Zetterberg ends 15-season career as one of Red Wings' greatest
Henrik Zetterberg: "Even though I knew I was on my last couple years, I wish that I could have played a little bit longer."
It’s official: Henrik Zetterberg’s playing career is over.
Zetterberg, 37, announced his retirement at a press conference Friday, the first day of the Red Wings' training camp at Traverse City’s Centre I.C.E Arena.
It had been widely speculated that Zetterberg would never play again after the news that he had not been able to train much all summer because of his chronic back problem, which he had surgically repaired in 2014.
Zetterberg held out hope that he would be able to return until he was examined by Dr. Frank Camissa, who performed the surgery, in New York last week. It was determined that the degenerative back problem will prevent Zetterberg from playing again.
"Obviously, it is emotional," Zetterberg said on www.mlive.com. "It's been 15 years here (in Detroit). Even though I knew I was on my last couple years, I wish that I could have played a little bit longer."
Zetterberg, who has been the Wings' captain since 2013, is fifth on Detroit’s all-time list in goals (337), assists (623) and points (960) in 1,082 games. He helped the Wings win the 2008 Stanley Cup while winning the Conn Smythe Trophy as MVP of the playoffs.
“In '08, winning the Cup probably is the highlight" of his career, Zetterberg said. "All the guys I played with through the years ... Had some special bonds with a lot of players."
Zetterberg, selected in the seventh round (210th overall) of the 1999 NHL draft, played in all 82 games in each of the past three seasons. But he was not able to practice because of his back the final three months of 2017-18. He finished his final season with 11 goals and 45 assists for 56 points.
"I've kind of been living this for a while," he said. "Starting in January (this) year, I knew something was not quite right. I found a way to play through that season ... In mid-summer we hoped it was going to get a little bit better, and it (didn't).
"I went to see Dr. Camissa last week and got the final result and nothing really had changed, so that's kind of when it kicked in."
Zetterberg’s best statistical season came during the Stanley Cup season of 2007-08 when he had 43 goals and 92 points in 75 games.

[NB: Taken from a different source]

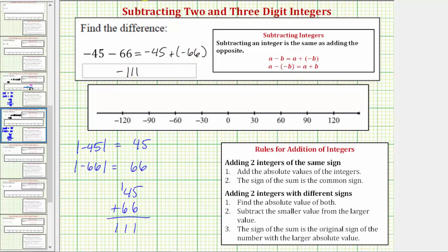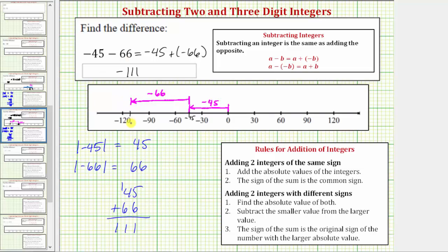Now let's also show this sum on the number line. To model negative 45, we start at zero and move left 45 units to negative 45. Then, because we're adding negative 66, we move left another 66 units from negative 45, which takes us to negative 111. So negative 45 plus negative 66, or negative 45 minus 66, equals negative 111.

For most of his career, he teamed with Pavel Datsyuk to give Detroit either a dynamic 1-2 punch at center or a devastation combination on the same line.
The Wings will have to go on without Zetterberg, their last star player from the four-Stanley Cup (1997, 1998, 2002 and 2008) “Hockeytown” era.
"I think he's one of the greatest Red Wing players in our history," general manager Ken Holland said.
Holland talked in depth about Zetterberg’s back issues.
"He's got a degenerative condition in his back," Holland said. "Part of the degenerative condition is significant arthritis. Nothing can be done, no back surgery, no rehab, no more time off is going to have any positive impact.
"Obviously, if he plays professional hockey, it's going to accelerate the degeneration, and if he does get a bad hit or something, then he's risking a significant back surgery. Henrik has decided that his quality of life is more important than taking the risk of back surgery."
Zetterberg has three years remaining on his contract at cap hit of $6.083 million. He'll be placed on long-term injured reserve, giving the club some cap relief.
Zetterberg is not sure what he and his wife, Emma, will do next, but they plan to remain in the Detroit area. Their son, Love, started school last week.
"Detroit Red Wings have been such a big part of our lives," he said. "We've been spending basically our grown-up life over here. We have an American son. But she has seen me go through what I've gone through. I think she's happy I don't have to do that, but in the same way also she knows I want to play and so she probably wanted me to play, too."
Holland said that Zetterberg’s retirement leaves a “massive” void.
"Somebody has to eat up all those minutes," Holland said. "It's not only those minutes. We're trying to go younger and you need role models and there's no better role model than Henrik Zetterberg. So, we know that we're losing a major player on and off the ice.
"With that loss comes opportunity and there's a tremendous opportunity in terms of ice time for some other people on our team and hopefully some young people are going to take full advantage."
Holland and coach Jeff Blashill will decide before the season whether to name a captain or go with three alternate captains this season.